[Dataset excerpts]
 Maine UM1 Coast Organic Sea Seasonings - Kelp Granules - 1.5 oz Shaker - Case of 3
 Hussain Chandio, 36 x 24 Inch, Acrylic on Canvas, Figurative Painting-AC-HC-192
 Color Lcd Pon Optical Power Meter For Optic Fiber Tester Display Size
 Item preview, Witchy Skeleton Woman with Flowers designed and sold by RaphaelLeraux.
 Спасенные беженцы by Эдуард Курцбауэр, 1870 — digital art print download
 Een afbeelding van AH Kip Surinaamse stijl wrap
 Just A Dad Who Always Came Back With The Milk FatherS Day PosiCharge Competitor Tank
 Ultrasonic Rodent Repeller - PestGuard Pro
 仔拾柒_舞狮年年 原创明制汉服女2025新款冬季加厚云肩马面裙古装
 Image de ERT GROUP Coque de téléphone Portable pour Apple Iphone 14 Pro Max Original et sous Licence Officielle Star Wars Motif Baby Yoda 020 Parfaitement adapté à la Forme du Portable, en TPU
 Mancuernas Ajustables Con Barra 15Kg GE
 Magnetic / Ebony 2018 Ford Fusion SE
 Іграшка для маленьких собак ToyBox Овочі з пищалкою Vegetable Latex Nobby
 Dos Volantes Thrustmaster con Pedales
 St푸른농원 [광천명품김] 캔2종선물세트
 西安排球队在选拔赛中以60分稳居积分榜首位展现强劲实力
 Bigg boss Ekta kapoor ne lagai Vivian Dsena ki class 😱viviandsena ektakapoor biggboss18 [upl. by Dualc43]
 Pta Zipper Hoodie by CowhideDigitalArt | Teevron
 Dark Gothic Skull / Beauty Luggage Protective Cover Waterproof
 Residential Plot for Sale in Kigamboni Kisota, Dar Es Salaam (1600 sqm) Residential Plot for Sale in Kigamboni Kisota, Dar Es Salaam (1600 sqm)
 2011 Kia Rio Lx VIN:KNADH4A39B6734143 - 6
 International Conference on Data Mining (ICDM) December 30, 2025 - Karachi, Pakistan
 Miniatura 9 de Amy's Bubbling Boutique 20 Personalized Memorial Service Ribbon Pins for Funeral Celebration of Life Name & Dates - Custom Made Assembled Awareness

* PROBLEM DETAILS
Return, word for word, every line from the line with "Just A Dad Who" to the final line of the data.

* EXERCISE OUTPUT
 Just A Dad Who Always Came Back With The Milk FatherS Day PosiCharge Competitor Tank
 Ultrasonic Rodent Repeller - PestGuard Pro
 仔拾柒_舞狮年年 原创明制汉服女2025新款冬季加厚云肩马面裙古装
 Image de ERT GROUP Coque de téléphone Portable pour Apple Iphone 14 Pro Max Original et sous Licence Officielle Star Wars Motif Baby Yoda 020 Parfaitement adapté à la Forme du Portable, en TPU
 Mancuernas Ajustables Con Barra 15Kg GE
 Magnetic / Ebony 2018 Ford Fusion SE
 Іграшка для маленьких собак ToyBox Овочі з пищалкою Vegetable Latex Nobby
 Dos Volantes Thrustmaster con Pedales
 St푸른농원 [광천명품김] 캔2종선물세트
 西安排球队在选拔赛中以60分稳居积分榜首位展现强劲实力
 Bigg boss Ekta kapoor ne lagai Vivian Dsena ki class 😱viviandsena ektakapoor biggboss18 [upl. by Dualc43]
 Pta Zipper Hoodie by CowhideDigitalArt | Teevron
 Dark Gothic Skull / Beauty Luggage Protective Cover Waterproof
 Residential Plot for Sale in Kigamboni Kisota, Dar Es Salaam (1600 sqm) Residential Plot for Sale in Kigamboni Kisota, Dar Es Salaam (1600 sqm)
 2011 Kia Rio Lx VIN:KNADH4A39B6734143 - 6
 International Conference on Data Mining (ICDM) December 30, 2025 - Karachi, Pakistan
 Miniatura 9 de Amy's Bubbling Boutique 20 Personalized Memorial Service Ribbon Pins for Funeral Celebration of Life Name & Dates - Custom Made Assembled Awareness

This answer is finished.